I personally just take the plants out, put the vacuum in, suck water out, and take the vacuum out. Plants need ammonia, but your fish don't. Rooted plants do need some detritus from what I've heard. I'd just clean it. It's worked for me so far in my planted tank.


----------



## Guest (Dec 3, 2012)

Plants don't need ammonia to survive. Here is a link to it:

http://www.ehow.com/facts_8018533_do-aquatic-plants-need-ammonia.html

Betta man: I would read up on things before posting because so far you have been wrong.


----------



## lohachata (Jan 27, 2006)

my wife has a dirt devil lightweight that works great...lol...but for the tanks we use a couple of homemade python type units...every couple of months or so we deep clean and get way down in the gravel and clean it good....yes , the plants do need the waste materials...that is their fertilizer...much better than that junk they sell in the stores...after all , you don't see God going to the store to buy fertilizer , do you ...
when you syphon your tanks save some of that stuff to put on your house plants... it can also be used for you garden.....stuff grows awesome with it....


----------



## Guest (Dec 3, 2012)

They need nitrate, not ammonia though. Betta man was saying that plants need ammonia. So I looked it up and that link said that aquatic plants don't need ammonia. They can have very little but not too much.


----------



## Betta man (Mar 25, 2011)

You're right. Plants need nitrates. Made a mistake. Glad things are cleared up. Thanks for the link angelclown.


----------



## Guest (Dec 4, 2012)

You're welcome Betta man. Glad I could help.


----------



## weedkiller (Nov 18, 2012)

i use one of these http://www.petsathome.com/shop/multi-vac-battery-powered-aquarium-cleaner-by-marina-30347 to vaccum the crap up out of the gravel once a week
then use a bigger gravel vaccum with the hose to remove 20% of the water, then add warmed by the radiator R.O water


----------



## Maine_Fish (Apr 7, 2012)

When I first got into fish keeping, I used aquarium gravel in my tanks. Yes, I realize that it provides a lot of surface area for nitrifying bacteria to grow, but I was amazed at how much "crap" (uneaten food, waste, etc.) settled down into it.

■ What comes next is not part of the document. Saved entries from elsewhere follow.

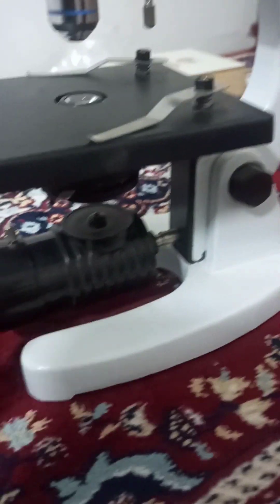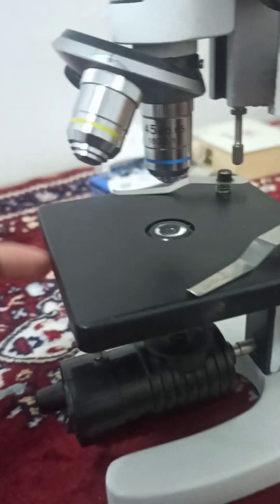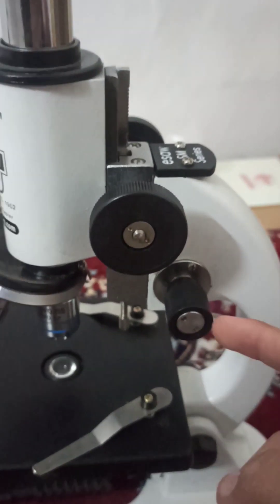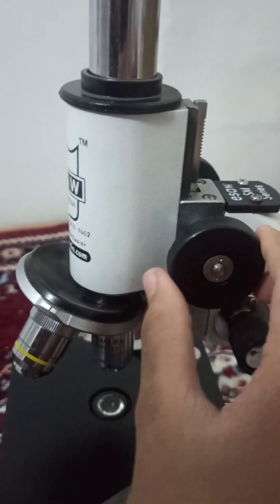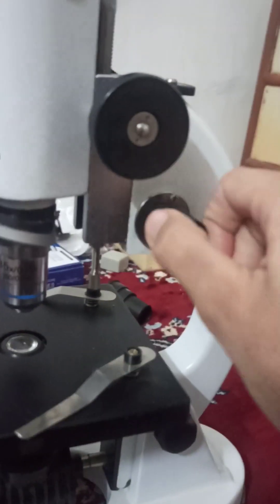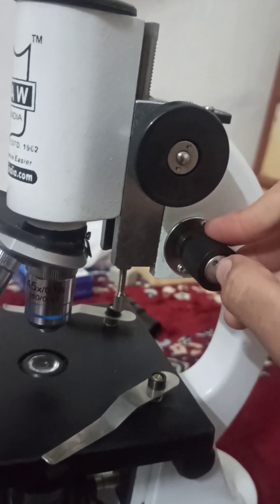Either the LED light or the mirror that came with it has to be fitted in here — this is to provide a light source so that the slide is visible clearly. It also contains two knobs: this one is the coarse adjustment knob, which makes very noticeable movements.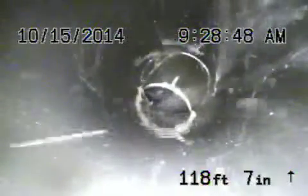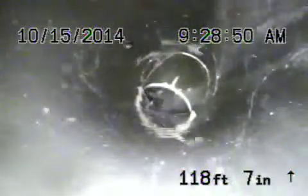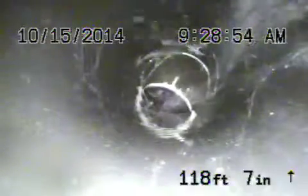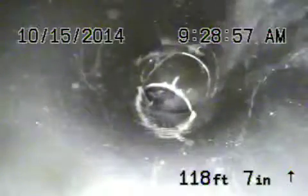Here we are at 439 South Orange Drive in Los Angeles. We are 118 feet out running from the clean out in the back. We also located the front clean out, which we are going to run the camera from next. Let's go ahead and bring the camera back.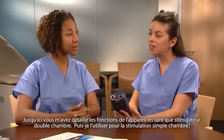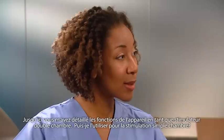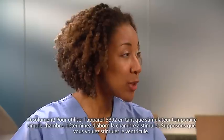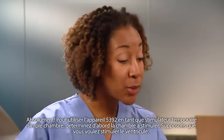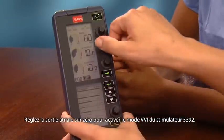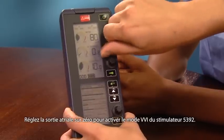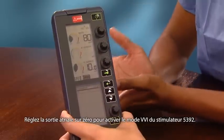So far you've shown me how the device functions as a dual chamber pacemaker. Can I use it to pace in a single chamber mode? Absolutely. To use the 5392 as a single chamber temporary pacemaker, first determine which chamber to pace. For example, if you want to pace the ventricle, just turn the atrial output to 0, and the 5392 will be in the VVI mode.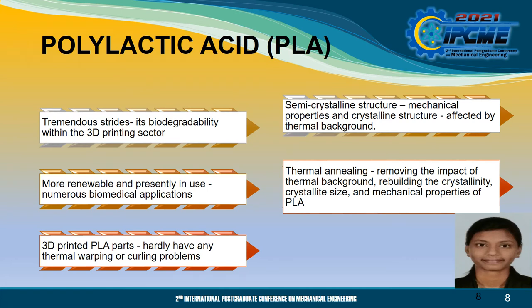Firstly, I will discuss polylactic acid. Polylactic acid has made tremendous strides due to its biodegradability within the 3D printing sector. PLA is more renewable and presently in use, and has been authorised for numerous biomedical applications. 3D printed PLA parts hardly have any thermal warping or curling problems. Since PLA has a semi-crystalline structure, its mechanical properties and crystalline structure are significantly affected by thermal background. Thus, thermal annealing therapy is a widely used method aimed at removing the impact of thermal background and rebuilding the crystallinity, crystallite size and mechanical properties of PLA. Thermal annealing increases the crystallinity of semi-crystalline polymers by adding thermal heat in between the glass transition temperature and melting temperature of the polymer.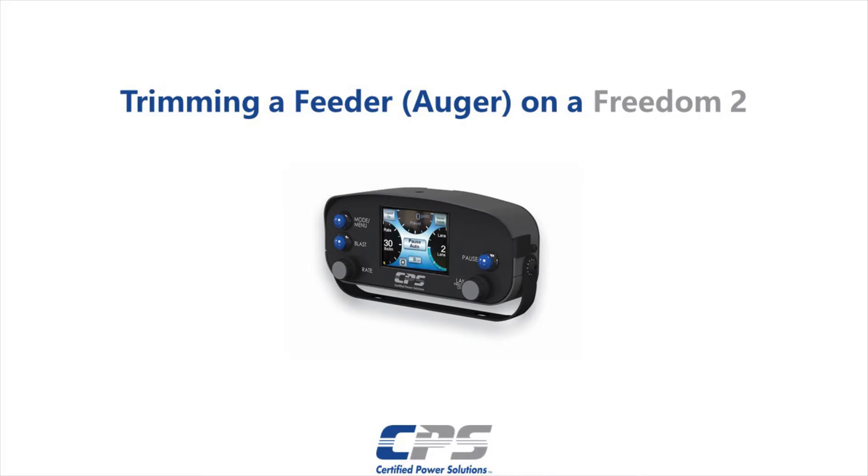Hi guys, this is Amr from Certified Power. Today I'll be showing you how to trim your feeder, also referred to as an auger, on a Freedom 2.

After researching alternatives, I decided to give pool filter sand a try. I now use it in all my tanks. Personally, I find it to be more visually appealing, and it makes tank maintenance much easier. As long as I don't overfeed, there's no problem with uneaten food in the tanks. Fish waste gets broken up by water current and fish movement, and sucked into the filter intakes, rather than settling down into the gravel. As for maintenance, I do weekly water changes of about 25%, giving the sand a quick stir with a stick at the same time. Every couple months or so, I do a deeper clean by lifting decor items and stirring the sand under them to free crap that might have settled under them. Very easy.

I have no live plants, so that is not an issue for me.


----------



## weedkiller (Nov 18, 2012)

i have sand in a 64L and for vaccuming its a pain as it tends to get sucked out with the stuff you want to remove if your not careful, though it does have certain benefits ive opted for browns/greys gravel in my 190L


----------



## Betta man (Mar 25, 2011)

Angelclown said:


> They need nitrate, not ammonia though. Betta man was saying that plants need ammonia. So I looked it up and that link said that aquatic plants don't need ammonia. They can have very little but not too much.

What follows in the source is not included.